Now that the stress of planning our 2013 family reunion has dissipated and the event is behind us, my mind is clear and open for the task of writing my next children's book. I began it last fall, nearly a year ago. But the holidays, home projects, and our family reunion occupied my mind and soul. Now, however, the creative juices are flowing. In addition to allowing the next book in the Hubbleville series take shape, I must heed other callings. There are several other writing projects chomping at the bit for me to be released through my mind and fingers. Several ideas, currently existing as notes scratched on notepads and dry erase ink on my whiteboard, long to make their debut onto the white screen of my laptop.

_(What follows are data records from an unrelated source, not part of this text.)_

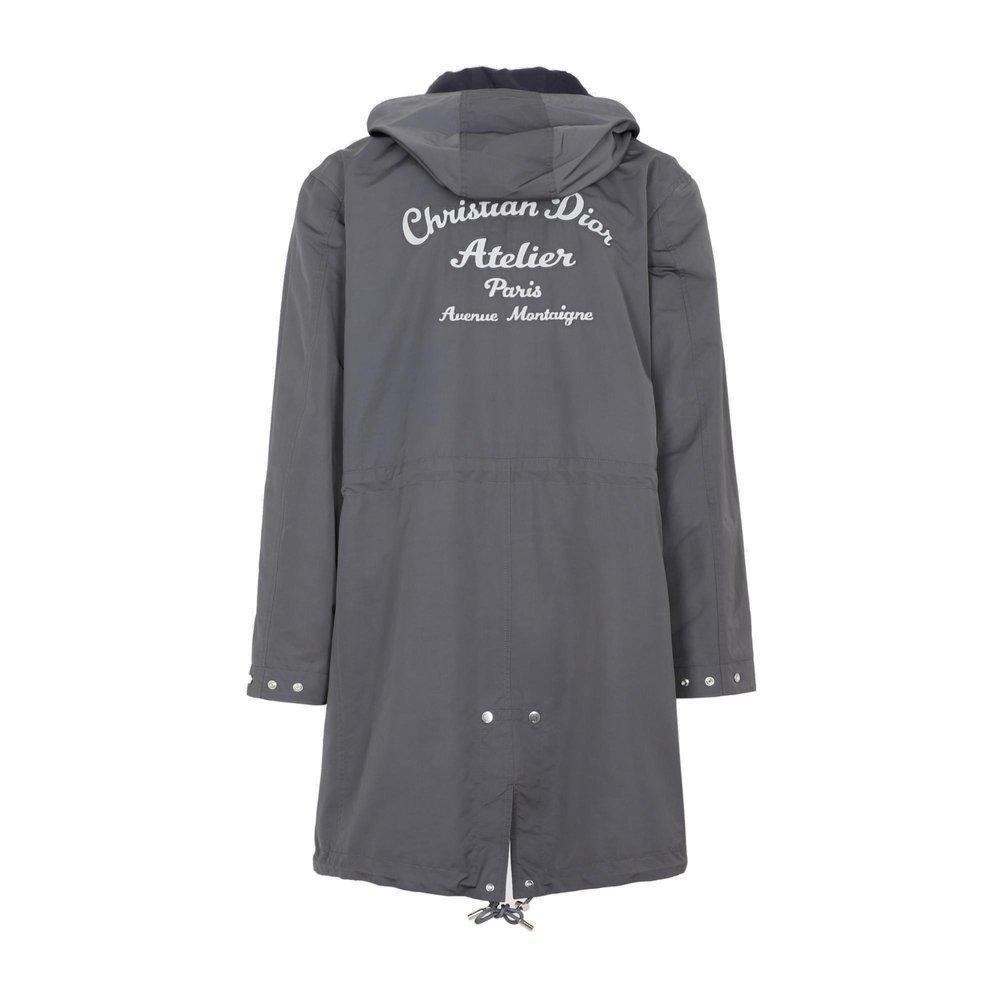 Dior Christian Dior Atelier Hooded Parka in Gray for Men | Lyst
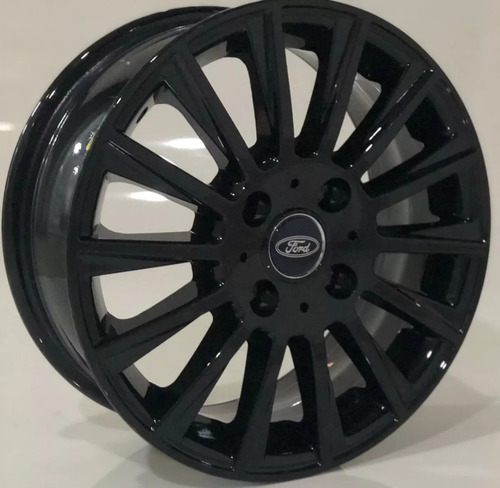 Rodas Ford New Fiesta Aro 15 4x108 (jogo) + Bicos Cor Preto Brilhante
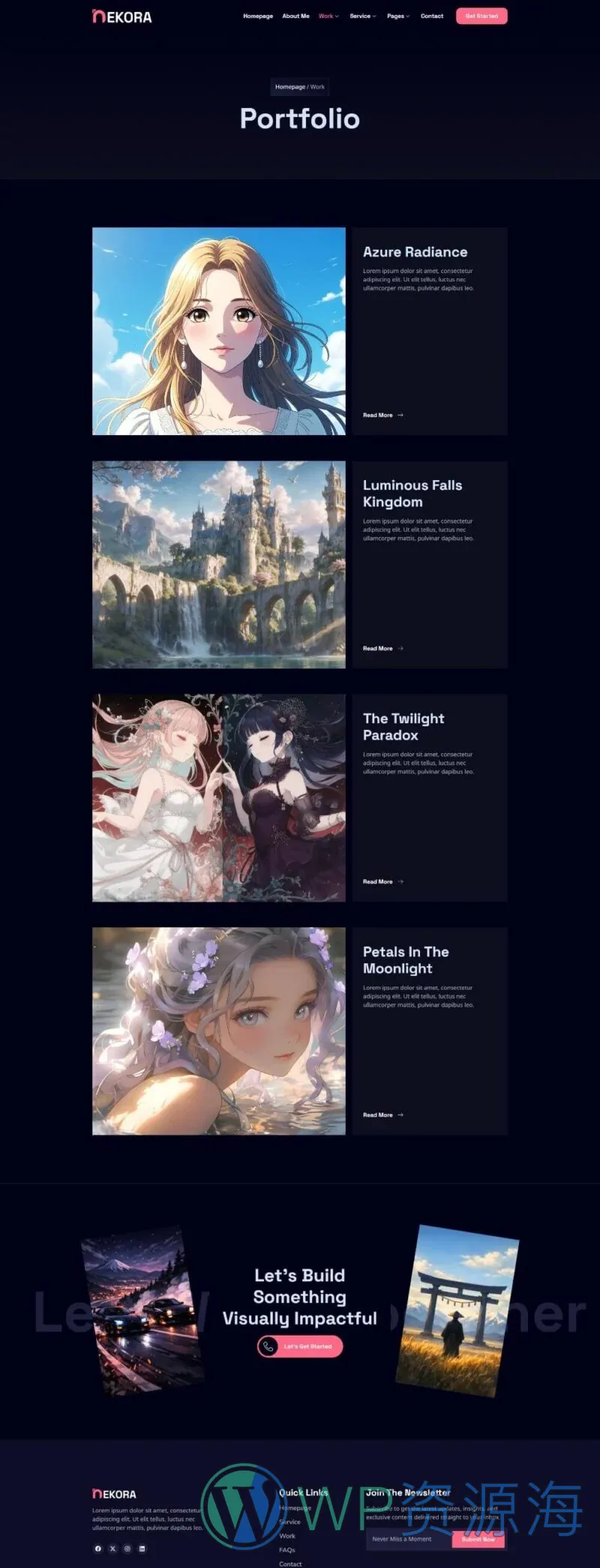 设计师自由职业作品集Elementor网站模板_一键导入快速建站插图4-WP资源海 艺术/设计 Elementor 模板案例页面预览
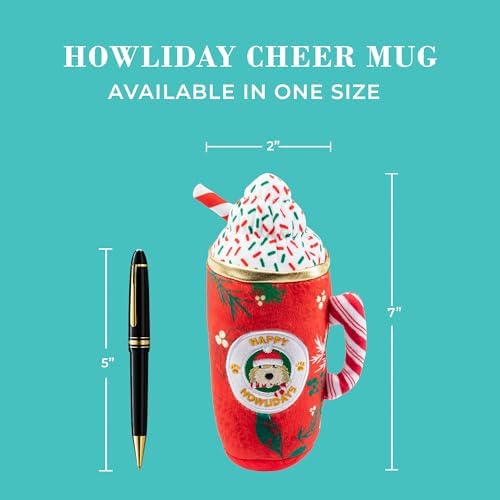 Haute Diggity Dog Howliday Cheer Mug Plush Dog Toy, Drink Parody Chew Toys - Image 3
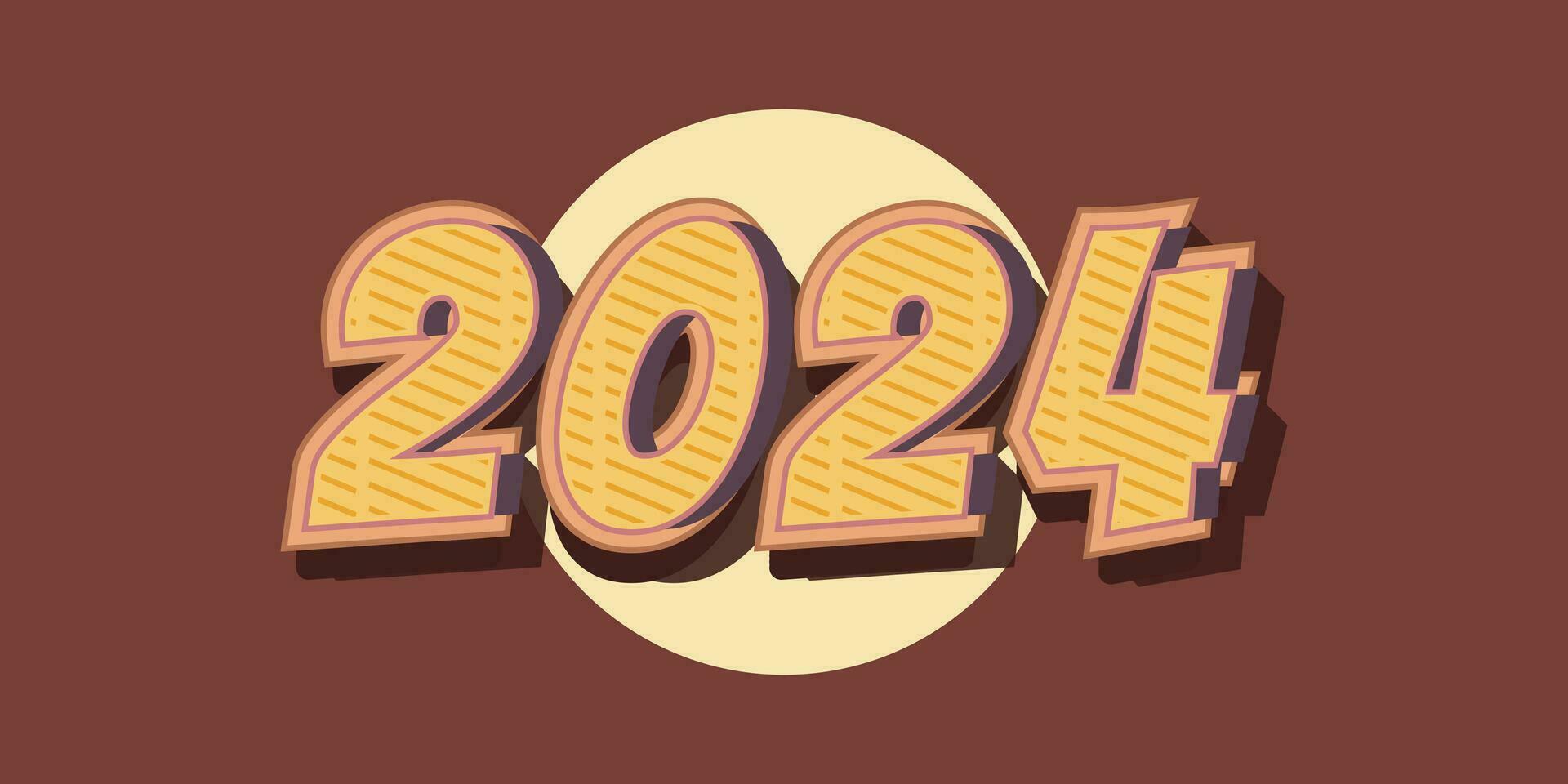 Happy New Year 2024 Design with Vintage Style. Vector Design for Poster, Banner, and Greeting Card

I should probably sweep the floors and wash the not-dishwasher-safe dishes piling up in my sink. But Prewitt W. Possum keeps pulling me back to my computer, nagging me to write his story. He is frustrated by his waning enthusiasm for writing. But as the writer, editor, and publisher of the only newspaper in Hubbleville, he really has no choice but to rediscover his passion. Meanwhile, he has just discovered something in the park on his way home from dinner at the Country Café with Mr. Frogson. Meanwhile, Mr. Turtle just happened by, so the floors and dishes will have to wait until Mr. Possum and Mr. Turtle figure out the identity of the curious object nestled in the tree.

Micki Bare, mother of three, wife, daughter & writer is the author of Thurston T. Turtle children's books. 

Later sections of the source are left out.